RECORDS TO USE.
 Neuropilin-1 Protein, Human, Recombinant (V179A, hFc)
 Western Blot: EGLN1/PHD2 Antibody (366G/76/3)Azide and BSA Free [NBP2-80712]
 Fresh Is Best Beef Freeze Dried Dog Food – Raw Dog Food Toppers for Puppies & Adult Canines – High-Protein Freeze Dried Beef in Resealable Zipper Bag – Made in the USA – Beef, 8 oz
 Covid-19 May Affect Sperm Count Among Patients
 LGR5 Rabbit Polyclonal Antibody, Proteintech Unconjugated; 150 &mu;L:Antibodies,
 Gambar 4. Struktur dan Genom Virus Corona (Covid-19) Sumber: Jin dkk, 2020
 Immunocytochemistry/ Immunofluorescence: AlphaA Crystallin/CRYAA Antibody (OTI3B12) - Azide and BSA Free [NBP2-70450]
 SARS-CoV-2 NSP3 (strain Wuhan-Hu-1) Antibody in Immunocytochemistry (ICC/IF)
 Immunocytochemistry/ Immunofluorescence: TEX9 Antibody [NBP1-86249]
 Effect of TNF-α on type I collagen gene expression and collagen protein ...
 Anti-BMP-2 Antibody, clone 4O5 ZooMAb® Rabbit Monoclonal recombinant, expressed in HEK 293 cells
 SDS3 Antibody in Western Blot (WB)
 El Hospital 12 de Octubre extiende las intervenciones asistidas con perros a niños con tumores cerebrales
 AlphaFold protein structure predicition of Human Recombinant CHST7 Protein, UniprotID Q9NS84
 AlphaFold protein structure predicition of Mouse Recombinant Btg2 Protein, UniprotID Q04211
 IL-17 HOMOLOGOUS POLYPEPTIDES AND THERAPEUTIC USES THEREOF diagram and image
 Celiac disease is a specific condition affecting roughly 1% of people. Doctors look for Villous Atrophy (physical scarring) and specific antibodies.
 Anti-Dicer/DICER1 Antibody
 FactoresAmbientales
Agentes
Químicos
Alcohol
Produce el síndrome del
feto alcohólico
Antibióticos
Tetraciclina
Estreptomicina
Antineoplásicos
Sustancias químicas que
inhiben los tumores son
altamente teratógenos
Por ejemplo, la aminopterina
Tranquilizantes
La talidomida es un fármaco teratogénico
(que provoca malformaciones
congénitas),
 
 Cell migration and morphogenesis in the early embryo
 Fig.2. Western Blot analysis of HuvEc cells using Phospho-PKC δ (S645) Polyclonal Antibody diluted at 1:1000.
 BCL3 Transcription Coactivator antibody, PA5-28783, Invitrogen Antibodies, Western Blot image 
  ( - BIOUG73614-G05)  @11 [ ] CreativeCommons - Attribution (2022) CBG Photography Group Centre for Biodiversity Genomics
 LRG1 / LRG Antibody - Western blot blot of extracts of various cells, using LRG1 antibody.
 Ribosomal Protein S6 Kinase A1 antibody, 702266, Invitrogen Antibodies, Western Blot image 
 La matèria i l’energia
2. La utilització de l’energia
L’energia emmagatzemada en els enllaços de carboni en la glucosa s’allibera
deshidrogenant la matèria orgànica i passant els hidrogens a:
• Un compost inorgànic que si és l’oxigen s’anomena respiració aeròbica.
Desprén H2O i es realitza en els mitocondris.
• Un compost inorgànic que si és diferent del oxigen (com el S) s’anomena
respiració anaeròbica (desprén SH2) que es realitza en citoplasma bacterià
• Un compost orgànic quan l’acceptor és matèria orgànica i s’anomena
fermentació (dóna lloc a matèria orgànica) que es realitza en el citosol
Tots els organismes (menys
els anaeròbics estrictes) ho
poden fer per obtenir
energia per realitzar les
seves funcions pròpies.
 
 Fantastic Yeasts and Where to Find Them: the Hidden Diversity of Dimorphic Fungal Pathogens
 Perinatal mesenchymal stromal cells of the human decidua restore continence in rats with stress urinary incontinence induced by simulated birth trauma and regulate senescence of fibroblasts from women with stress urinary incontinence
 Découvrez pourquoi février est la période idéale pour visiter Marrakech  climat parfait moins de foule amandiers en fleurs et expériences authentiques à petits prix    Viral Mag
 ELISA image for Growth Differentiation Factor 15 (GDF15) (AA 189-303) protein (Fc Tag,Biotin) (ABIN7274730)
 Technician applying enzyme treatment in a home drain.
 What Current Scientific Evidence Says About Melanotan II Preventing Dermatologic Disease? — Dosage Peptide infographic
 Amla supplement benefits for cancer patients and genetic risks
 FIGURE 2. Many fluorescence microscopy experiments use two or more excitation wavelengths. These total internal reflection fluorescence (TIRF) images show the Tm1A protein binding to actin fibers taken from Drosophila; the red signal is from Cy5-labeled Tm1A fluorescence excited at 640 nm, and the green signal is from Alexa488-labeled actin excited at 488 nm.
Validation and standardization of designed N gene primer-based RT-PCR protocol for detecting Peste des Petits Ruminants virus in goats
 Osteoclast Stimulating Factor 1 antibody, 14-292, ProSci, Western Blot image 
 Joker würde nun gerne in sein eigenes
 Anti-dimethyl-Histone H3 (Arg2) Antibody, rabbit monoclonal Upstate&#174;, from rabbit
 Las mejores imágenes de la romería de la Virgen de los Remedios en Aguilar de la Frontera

WHAT YOU NEED TO DO.
Would you output, from the records above, exactly the run of lines that starts at the line containing "Perinatal mesenchymal stromal" and ends at the line containing "What Current Scientific", and only that run?

TASK RESULT.
 Perinatal mesenchymal stromal cells of the human decidua restore continence in rats with stress urinary incontinence induced by simulated birth trauma and regulate senescence of fibroblasts from women with stress urinary incontinence
 Découvrez pourquoi février est la période idéale pour visiter Marrakech  climat parfait moins de foule amandiers en fleurs et expériences authentiques à petits prix    Viral Mag
 ELISA image for Growth Differentiation Factor 15 (GDF15) (AA 189-303) protein (Fc Tag,Biotin) (ABIN7274730)
 Technician applying enzyme treatment in a home drain.
 What Current Scientific Evidence Says About Melanotan II Preventing Dermatologic Disease? — Dosage Peptide infographic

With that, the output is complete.